It’s an exciting time in the world of electric vehicles. Electric vehicles are so new that many consumers aren’t completely aware of all the existing incentives available thanks to the U.S. Government. Automakers like Tesla have already reached a sales threshold that bars the company’s EVs from tax credit eligibility. Toyota is on its way to completely losing its tax incentive eligibility as well. Are Ford and the F-150 Lightning electric pickup truck next on the chopping block?
Is the Ford F-150 Lightning going to lose tax credit eligibility soon?
The Ford F-150 Lightning is incredibly popular despite just rolling off of the assembly line a few months ago. Ford amassed at least 200,000 F-150 Lightning reservations. While these sales numbers may be music to the Blue Oval’s ears, they could spell trouble for potential buyers.

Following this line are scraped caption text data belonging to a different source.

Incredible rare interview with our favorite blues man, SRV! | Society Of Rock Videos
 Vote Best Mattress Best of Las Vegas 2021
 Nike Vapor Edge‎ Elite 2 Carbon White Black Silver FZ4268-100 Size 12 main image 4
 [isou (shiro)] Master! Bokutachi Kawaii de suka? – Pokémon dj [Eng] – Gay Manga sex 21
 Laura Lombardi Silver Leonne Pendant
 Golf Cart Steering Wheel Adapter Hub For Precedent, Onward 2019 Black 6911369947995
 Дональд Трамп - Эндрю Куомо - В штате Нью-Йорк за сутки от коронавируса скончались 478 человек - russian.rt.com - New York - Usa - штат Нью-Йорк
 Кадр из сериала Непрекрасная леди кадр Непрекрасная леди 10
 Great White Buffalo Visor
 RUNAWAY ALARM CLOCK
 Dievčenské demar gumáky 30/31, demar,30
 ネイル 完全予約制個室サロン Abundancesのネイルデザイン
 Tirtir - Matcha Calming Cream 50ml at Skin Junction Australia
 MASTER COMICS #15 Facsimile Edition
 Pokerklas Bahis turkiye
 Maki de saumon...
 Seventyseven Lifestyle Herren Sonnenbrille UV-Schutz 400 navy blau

The F-150 Lightning has crossed the sales threshold of 200,000 EV sales, so the EV tax incentive will likely begin to phase down soon. This means that the electric pickup truck will no longer be eligible for the full $7,500 tax credit. Instead, consumers will only be able to save $3,500 from the initial incentive. The incentive will continue to phase down levels until it is completely phased out for the automaker.
Toyota is currently experiencing its first phase down, and consumers should be worried. To sum it all up, the U.S. government is telling potential electric vehicle buyers “ya snooze, ya lose.” F-150 Lightning reservations filled up quickly. Thousands of potential buyers will miss out on the full tax incentive on the F-150 Lightning without even being aware of the truck’s fading eligibility.
You’ll have to pay over $36K for an F-150 Lightning
For some 200,000 lucky reservation holders, a $32,500 F-150 Lightning was too good of a deal to pass up. Many consumers had the foresight to reserve an electric truck from the first batch of EVs, knowing that the tax incentive wouldn’t last forever.
This isn’t the greatest news for F-150 Lightning fans, but there is a lesson and a golden opportunity here. If you want the F-150 Lightning and missed out on the full incentive, prepare yourself for the second batch of electric trucks. The next phase down from the full incentive is a $3,750 tax credit. This will bring the base model’s price above $36K. This may seem steep, but it’ll only get worse as time goes by and the incentive continues to phase down.
Car and Driver claims that the base model is “fairly spartan.” The longer you wait to order an F-150 Lightning, the further away upper trim levels get from affordability. The full tax incentive will undoubtedly be some Americans’ only hope of affording the XLT second trim level.
Is it time for a revised EV tax incentive?
Sure, electric vehicles are becoming more common, but they are still a rare sighting on many American roads. The tax incentive was initially created to promote the sale of eligible hybrid and electric vehicles. The current administration aims to reduce carbon emissions, but do our policies really reflect the sentiments of President Joe Biden?
The fight to popularize electric vehicles has only just begun and automakers are going to need all the help they can get, especially with talks of a nationwide recession. It’s evident that Americans can benefit from the full federal electric vehicle tax incentive now more than ever before as more options become available. Maybe it’s time that the incentive be revised to adapt to the current market and the American economy.